Stored entries:

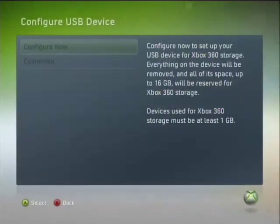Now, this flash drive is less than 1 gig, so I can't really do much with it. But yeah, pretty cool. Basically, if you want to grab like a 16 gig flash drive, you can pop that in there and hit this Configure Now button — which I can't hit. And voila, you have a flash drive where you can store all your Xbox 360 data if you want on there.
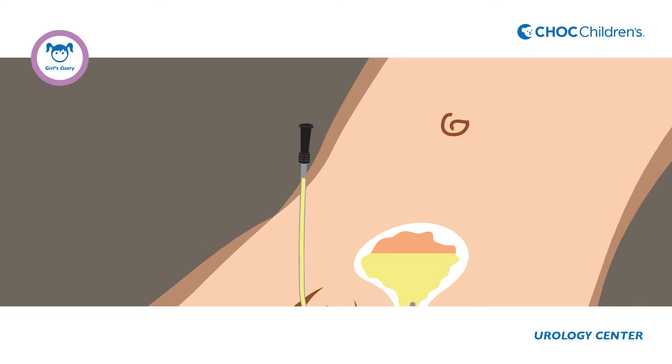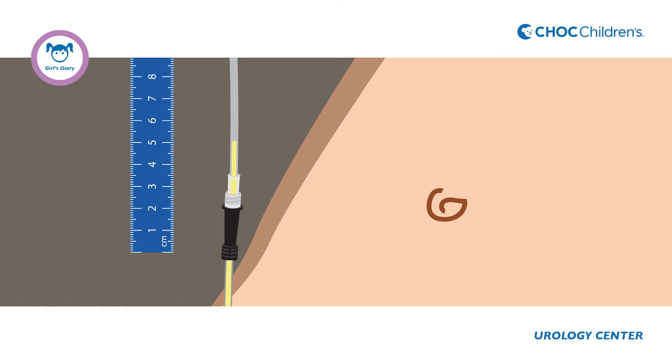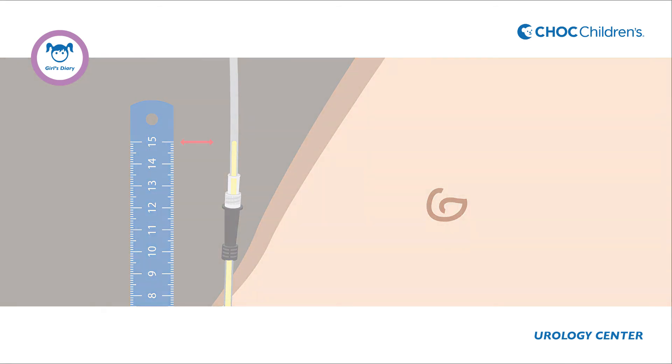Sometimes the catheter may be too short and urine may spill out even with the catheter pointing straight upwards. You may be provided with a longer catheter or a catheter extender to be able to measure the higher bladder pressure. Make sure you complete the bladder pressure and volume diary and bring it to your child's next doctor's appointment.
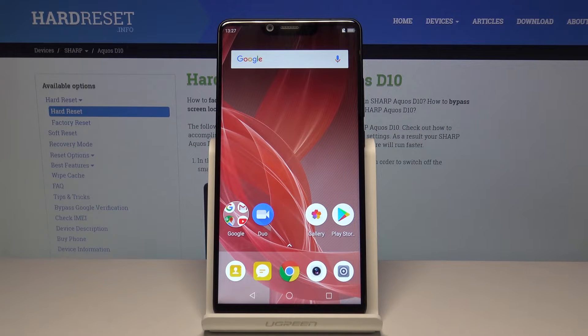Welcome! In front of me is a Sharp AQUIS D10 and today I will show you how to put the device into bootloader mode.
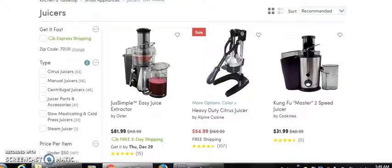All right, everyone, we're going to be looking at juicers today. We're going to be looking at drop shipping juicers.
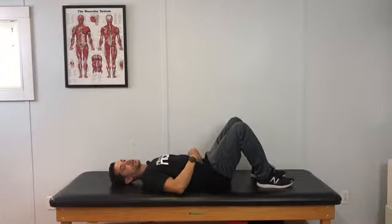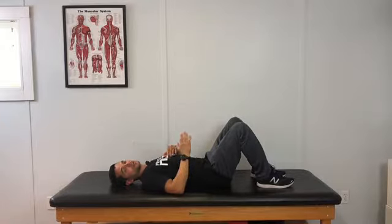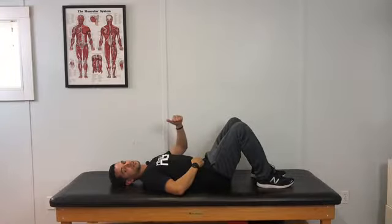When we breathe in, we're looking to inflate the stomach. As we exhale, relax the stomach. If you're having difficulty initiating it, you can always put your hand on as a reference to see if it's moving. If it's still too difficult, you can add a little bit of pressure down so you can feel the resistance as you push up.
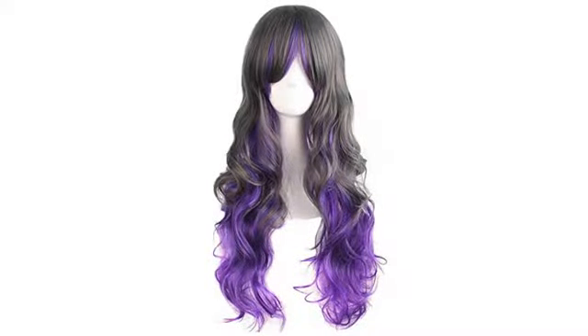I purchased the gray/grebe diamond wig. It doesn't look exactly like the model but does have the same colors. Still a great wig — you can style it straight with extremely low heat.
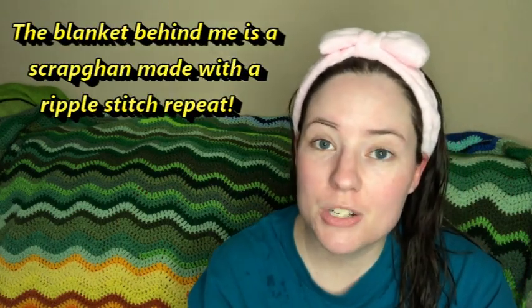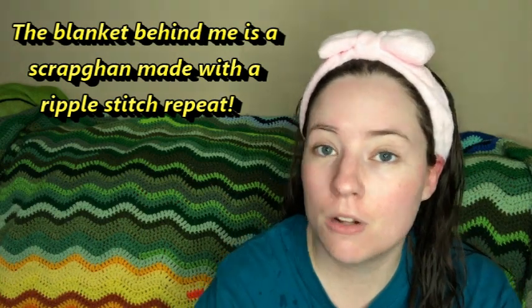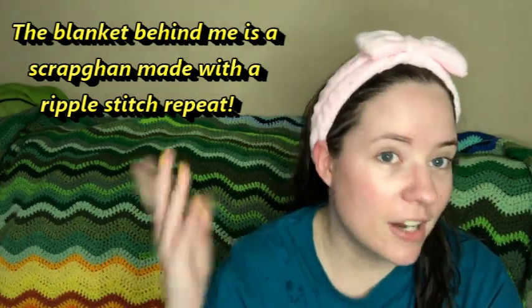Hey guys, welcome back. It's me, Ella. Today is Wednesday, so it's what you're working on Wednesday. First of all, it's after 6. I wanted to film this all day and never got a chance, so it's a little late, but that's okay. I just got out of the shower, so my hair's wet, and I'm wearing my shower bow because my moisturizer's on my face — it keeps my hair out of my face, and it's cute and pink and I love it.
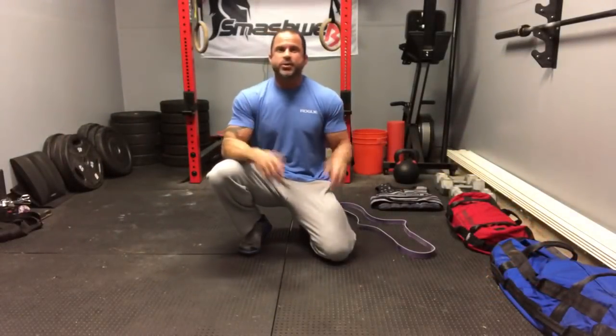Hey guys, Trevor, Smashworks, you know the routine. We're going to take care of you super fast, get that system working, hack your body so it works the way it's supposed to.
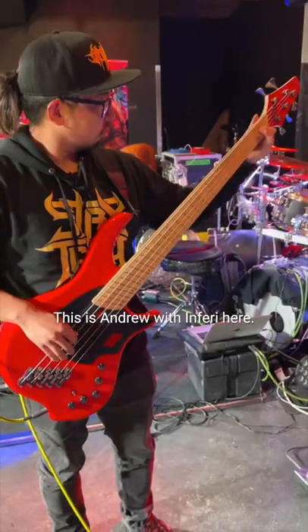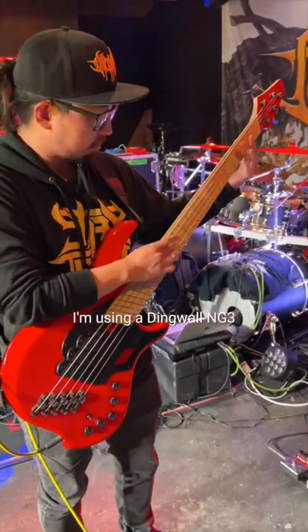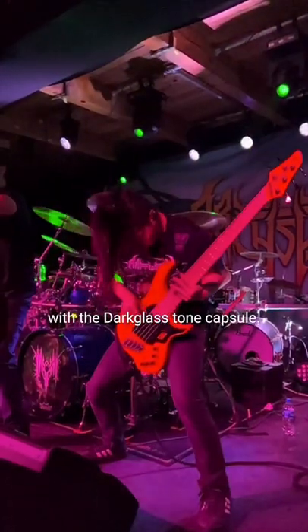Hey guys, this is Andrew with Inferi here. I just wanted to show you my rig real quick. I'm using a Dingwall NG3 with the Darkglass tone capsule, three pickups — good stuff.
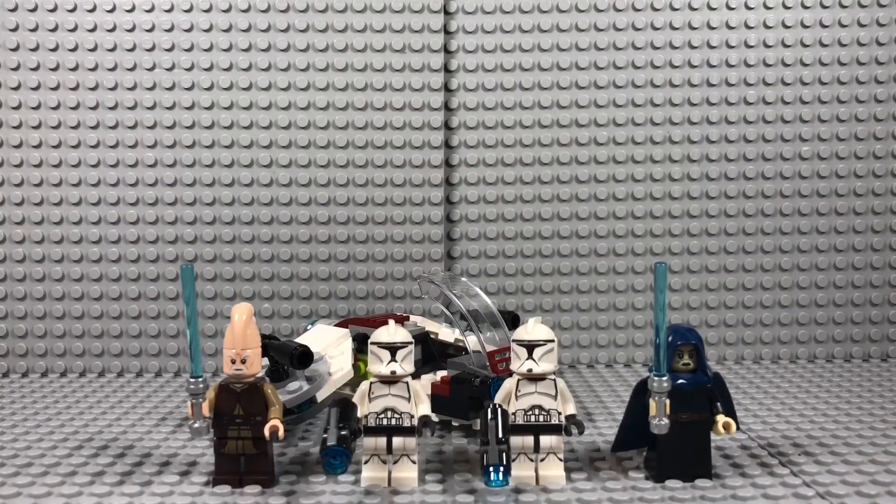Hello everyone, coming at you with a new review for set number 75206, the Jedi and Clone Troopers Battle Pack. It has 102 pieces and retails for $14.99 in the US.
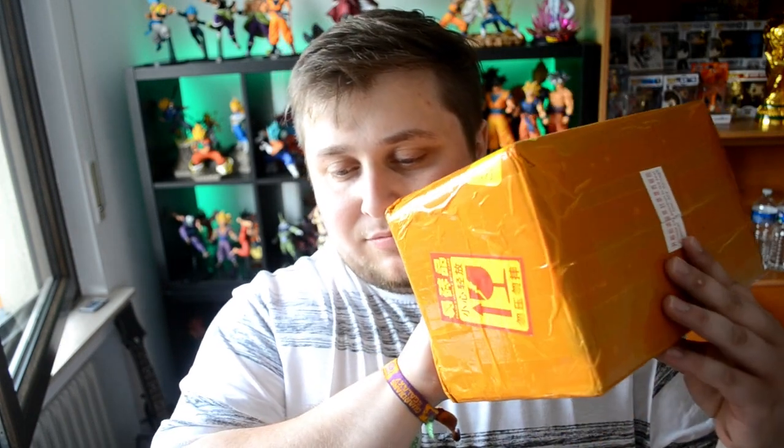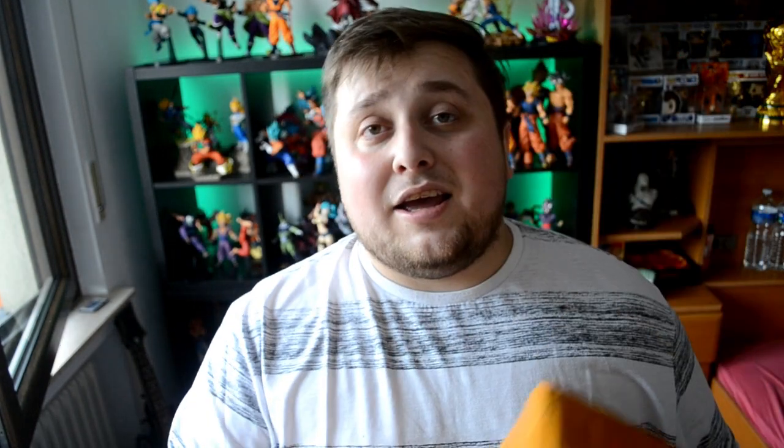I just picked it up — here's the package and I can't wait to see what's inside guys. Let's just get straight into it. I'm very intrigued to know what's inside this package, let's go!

* [Work instructions]:
Leave the pictures out. Repeat every entry above exactly.

* [Response for this exercise]:
Now, this flash drive is less than 1 gig, so I can't really do much with it. But yeah, pretty cool. Basically, if you want to grab like a 16 gig flash drive, you can pop that in there and hit this Configure Now button — which I can't hit. And voila, you have a flash drive where you can store all your Xbox 360 data if you want on there.
Sometimes the catheter may be too short and urine may spill out even with the catheter pointing straight upwards. You may be provided with a longer catheter or a catheter extender to be able to measure the higher bladder pressure. Make sure you complete the bladder pressure and volume diary and bring it to your child's next doctor's appointment.
Welcome! In front of me is a Sharp AQUIS D10 and today I will show you how to put the device into bootloader mode.
All right, everyone, we're going to be looking at juicers today. We're going to be looking at drop shipping juicers.
When we breathe in, we're looking to inflate the stomach. As we exhale, relax the stomach. If you're having difficulty initiating it, you can always put your hand on as a reference to see if it's moving. If it's still too difficult, you can add a little bit of pressure down so you can feel the resistance as you push up.
I purchased the gray/grebe diamond wig. It doesn't look exactly like the model but does have the same colors. Still a great wig — you can style it straight with extremely low heat.
Hey guys, welcome back. It's me, Ella. Today is Wednesday, so it's what you're working on Wednesday. First of all, it's after 6. I wanted to film this all day and never got a chance, so it's a little late, but that's okay. I just got out of the shower, so my hair's wet, and I'm wearing my shower bow because my moisturizer's on my face — it keeps my hair out of my face, and it's cute and pink and I love it.
Hey guys, Trevor, Smashworks, you know the routine. We're going to take care of you super fast, get that system working, hack your body so it works the way it's supposed to.
Hey guys, this is Andrew with Inferi here. I just wanted to show you my rig real quick. I'm using a Dingwall NG3 with the Darkglass tone capsule, three pickups — good stuff.
Hello everyone, coming at you with a new review for set number 75206, the Jedi and Clone Troopers Battle Pack. It has 102 pieces and retails for $14.99 in the US.
I just picked it up — here's the package and I can't wait to see what's inside guys. Let's just get straight into it. I'm very intrigued to know what's inside this package, let's go!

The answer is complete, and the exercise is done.